Sherman Township is a civil township of Iosco County in the U.S. state of Michigan. The population was 448 at the 2010 census and slightly decreased to 431 at the 2020 census.

== Communities ==
- National City is an unincorporated community in the township at . The settlement began as a flag station on the Bay City and Alpena Railroad in 1884. It was at first called "Emery Junction", a junction between branches on the Detroit and Mackinac Railway located just west of the present National City. A post office named Emery Junction was established on March 21, 1904, with Quincy Martin as the first postmaster. In 1925, the National Gypsum Company opened a quarry nearby, and the name of the post office was changed to National City in 1926. The National City post office, with ZIP code 48748, provides service to a portion of Sherman Township, as well as to another discontinuous area in Grant, Plainfield, Wilber, and Tawas townships to the north.
- The city of Tawas City is to the northeast, and the Tawas City post office, with ZIP code 48763, also serves portions of northeastern Sherman Township.
- The community of Turner is to the south in Arenac County, and the Turner post office, with ZIP code 48765, also serves portions of southern Sherman Township.
- The village of Whittemore is to the west, and the Whittemore post office, with ZIP code 48770, also serves portions of Sherman Township.

==Geography==
According to the United States Census Bureau, the township has a total area of 35.9 square miles (93.0 km^{2}), all land.

==Demographics==
As of the census of 2000, there were 493 people, 200 households, and 140 families residing in the township.
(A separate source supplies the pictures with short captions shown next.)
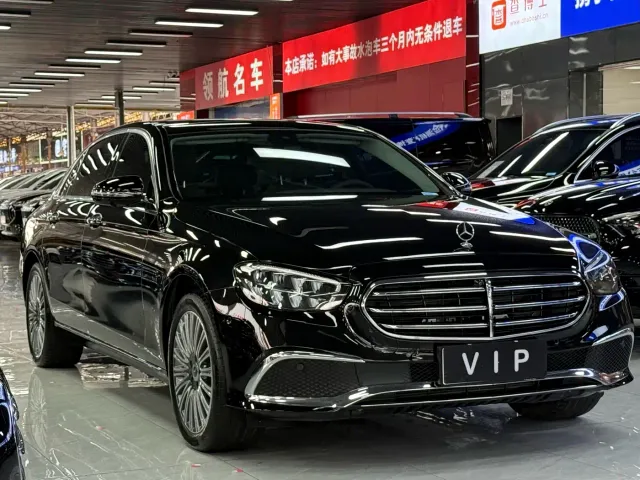 Mercedes-Benz E-Class — Фото автомобиля 3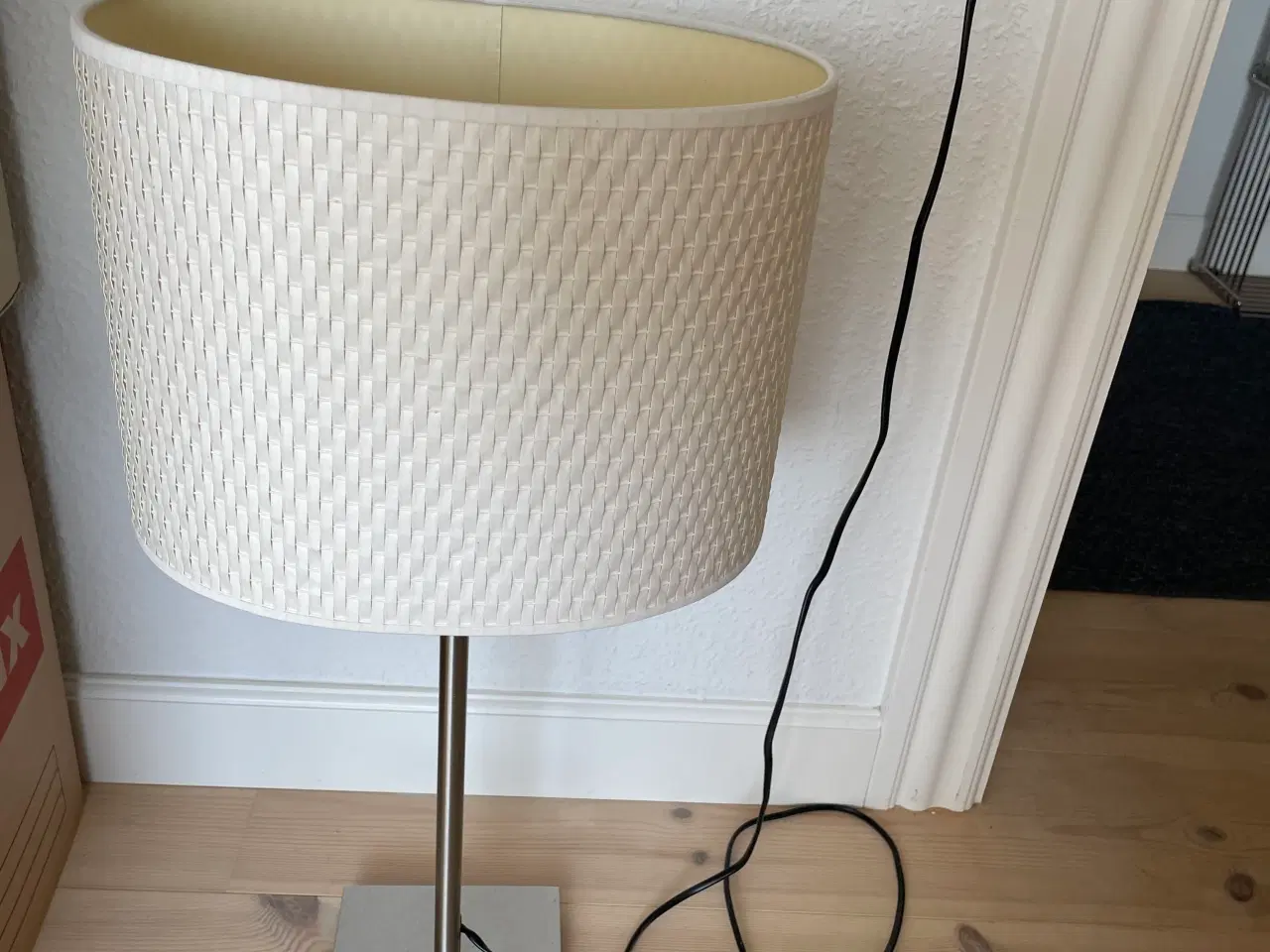 Billede 3 - Bordlamper oval skærm 2 stk 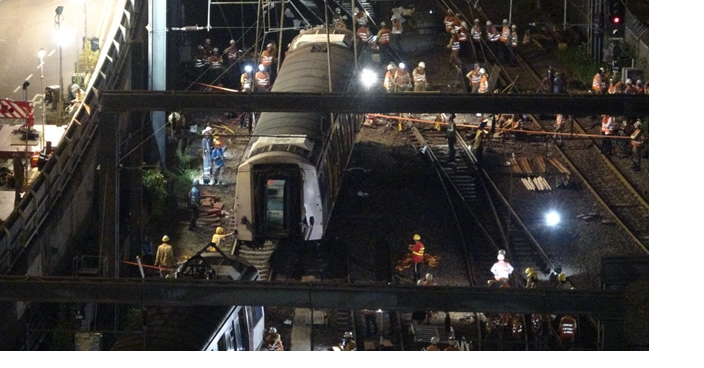 港鐵通宵搶修 工程人員焊接路軌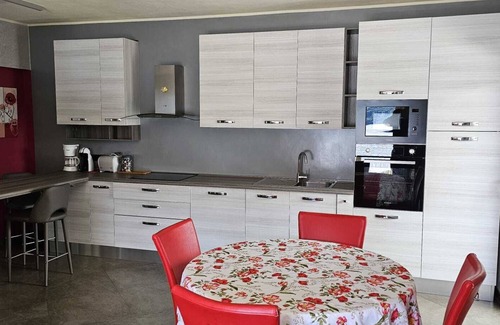 Azzano Casa | BUNGALOW DE LUJO, vistas impresionantes, la màxima privacidad y tranquilidad
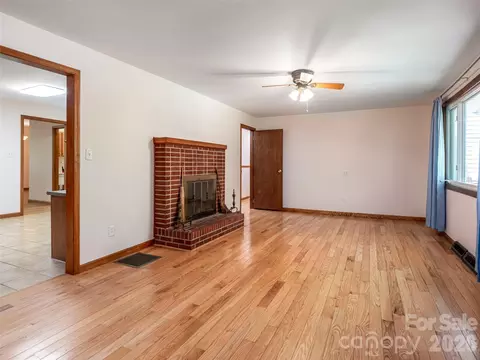 Living - 146 Fairmont Rd, Candler, NC 28715 photo 3 of 7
The population density was 13.7 per square mile (5.3/km^{2}). There were 319 housing units at an average density of 8.9 per square mile (3.4/km^{2}). The racial makeup of the township was 96.96% White, 0.41% African American, 0.61% Native American, 0.20% Asian, and 1.83% from two or more races. Hispanic or Latino of any race were 2.03% of the population.

There were 200 households, out of which 24.0% had children under the age of 18 living with them, 58.0% were married couples living together, 7.0% had a female householder with no husband present, and 30.0% were non-families. 28.0% of all households were made up of individuals, and 13.0% had someone living alone who was 65 years of age or older. The average household size was 2.47 and the average family size was 2.94.

In the township the population was spread out, with 23.3% under the age of 18, 5.9% from 18 to 24, 25.4% from 25 to 44, 25.8% from 45 to 64, and 19.7% who were 65 years of age or older. The median age was 42 years. For every 100 females, there were 101.2 males. For every 100 females age 18 and over, there were 101.1 males.

The median income for a household in the township was $40,547, and the median income for a family was $43,438. Males had a median income of $31,786 versus $21,406 for females. The per capita income for the township was $18,432. About 6.6% of families and 10.8% of the population were below the poverty line, including 21.8% of those under age 18 and none of those age 65 or over.